When I started to think about this feature, I immediately remembered a library used at the university during some experiments in Computer Vision, OpenCV. It is a C++ library but it has also good porting for Python and Java. I decided to use the Python implementation mainly for its better performances; doing CV on Raspberry Pi is not trivial, mainly because of its low clock frequency and memory. For the tracking algorithm, I've taken inspiration from many examples I've found on the web, based on Haar cascade classifiers. You can have a look at the Python code here.

ARPA face tracking web interface

As a plus, I've implemented a web interface with Flask and jQuery to show the face tracking bounding box and to toggle it (to save some CPU power when not needed). It is also useful as remote camera streaming interface to watch what the robot is seeing :)

Autonomous navigation

When you talk about mobile robot the first need is to make it move autonomously. Obviously it's a tricky task since it depends a lot on the sensors and hardware you have. The chassis I bought is not so big and also I quickly realized that the weight of all the devices, batteries and sensors is too much for it. Also encoders on this type of wheels are not really precise and not enough to build a navigation map. So I've chosen to use mainly two sensors, the sonar HC-SR04 and the magnetometer HMC5883L (connected on I2C pins), the first to measure the distance in centimeters from the head of the robot to obstacles and the second to have its heading in degrees. The algorithm I've implemented is pretty straightforward, it's just an obstacle avoidance algorithm that takes a random angle when it finds an obstacle; really dumb but enough for my tests. You can find the code for both here.

VTT and TTS engines

You can't consider a robot complete if it doesn't interact with humans using their natural language. Implementing from scratch VTT (voice-to-text) and TTS (text-to-speech) algorithms is really complex and there are decades of studies for that. So, first, I wanted to find affordable solution that could fit the performances available on the RPi.

VTT
I have tested first Google Voice engine that is really good but it allows you for free to have not more than 50 requests per day. Then I've discovered http://wit.ai that is a startup acquired recently by Facebook that provides you a rich API to implement voice recognition.
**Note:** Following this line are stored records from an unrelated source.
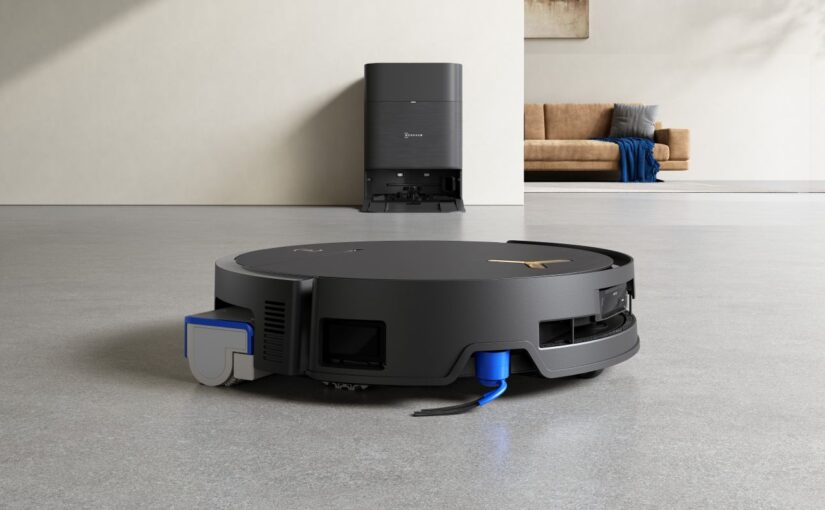 ECOVACS DEEBOT X9 PRO OMNI Pressebild 825x510 - Test - ECOVACS DEEBOT X9 PRO OMNI - Saugroboter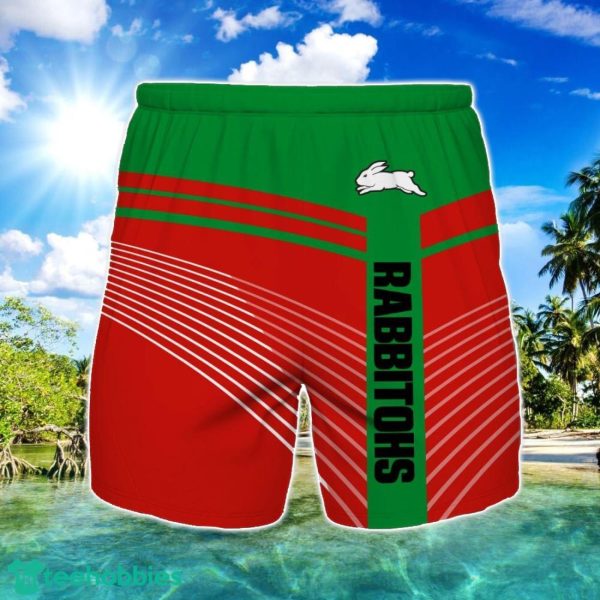 South Sydney Rabbitohs Beach Shorts For Fans Summer Gift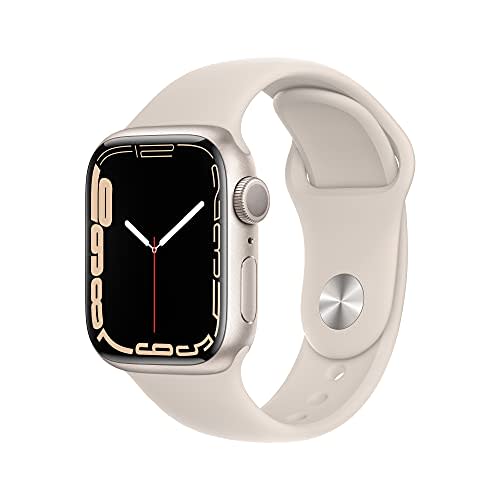 Apple Watch Series&#xa0;7 GPS, 41mm Starlight Aluminum Case with Starlight Sport Band - Regular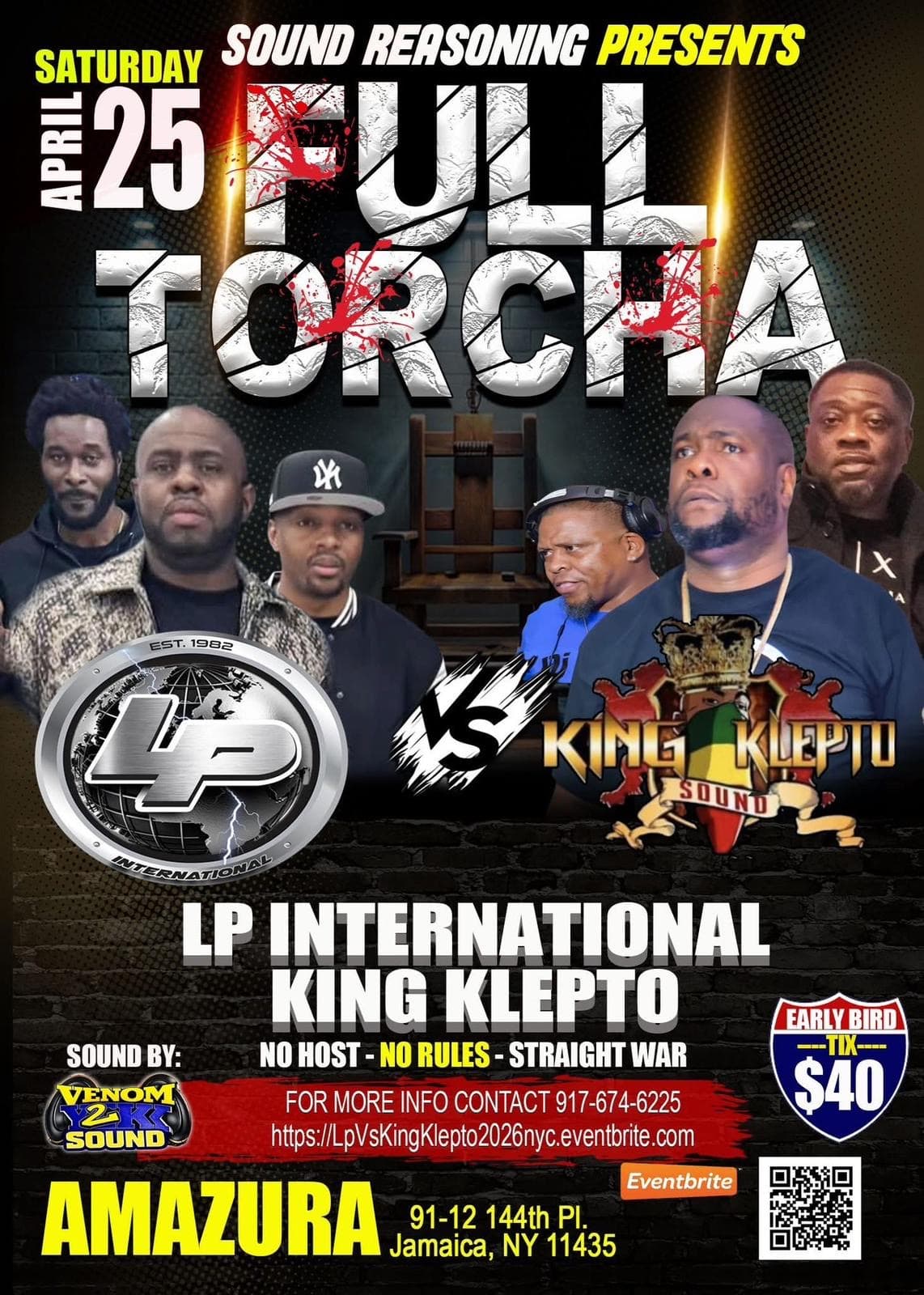 Full Torcha 2026 - LP International vs King Klepto at Amazura NYC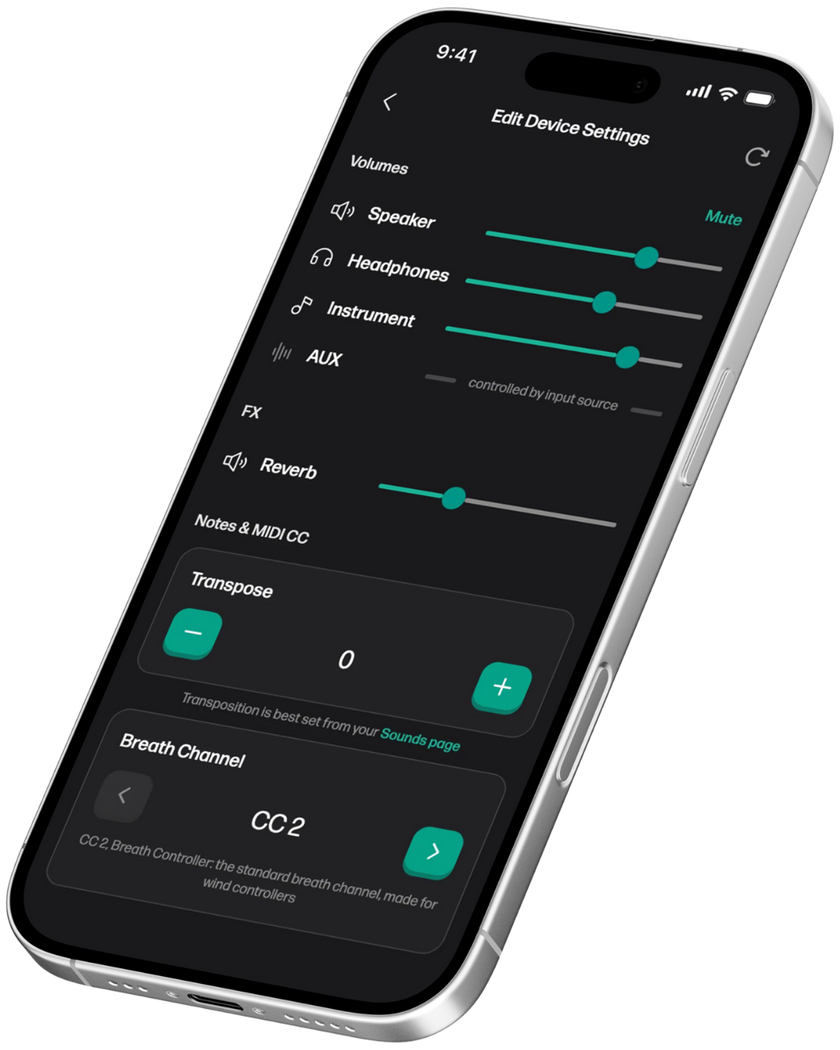 The Edit Device Settings screen in Odisei Play, shown on an iPhone.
In fact it doesn't transform only your voice into text but it creates an abstraction layer above; you can link every sentence with an intent (for example 'Turn off the light') and put some intent attributes on it (in this case 'off' is the parameter). Also, if you say 'Switch off the light', that is the same intent and so could be matched with the previous one. This learning process is managed with the WIT console, in which you have the log of all the recordings and you can associate them to intents and extract variables. Every recognition result has a confidence factor that can help you to decide if the sentence has been correctly recognized. The good thing of WIT is that with an automatic learning process you don't have to map every different sentence to an intent since the platform will do that for you. It's really impressive.
Once you have trained a bit the platform, you can query it with a REST API, in order to send recordings and get back the recognition results in JSON. Simple, right?

TTS
There are a lot of implementations for TTS softwares, both online and offline; you can find a list here. I've tested Google, eSpeak and PicoTTS and I've preferred the latest since it works offline and the voice is not so metallic and also the performances seemed better globally on the RPi. The engine takes as parameter the sentence and the language (it supports the 6 major languages) and writes in output a .WAV file containing the synthesized voice.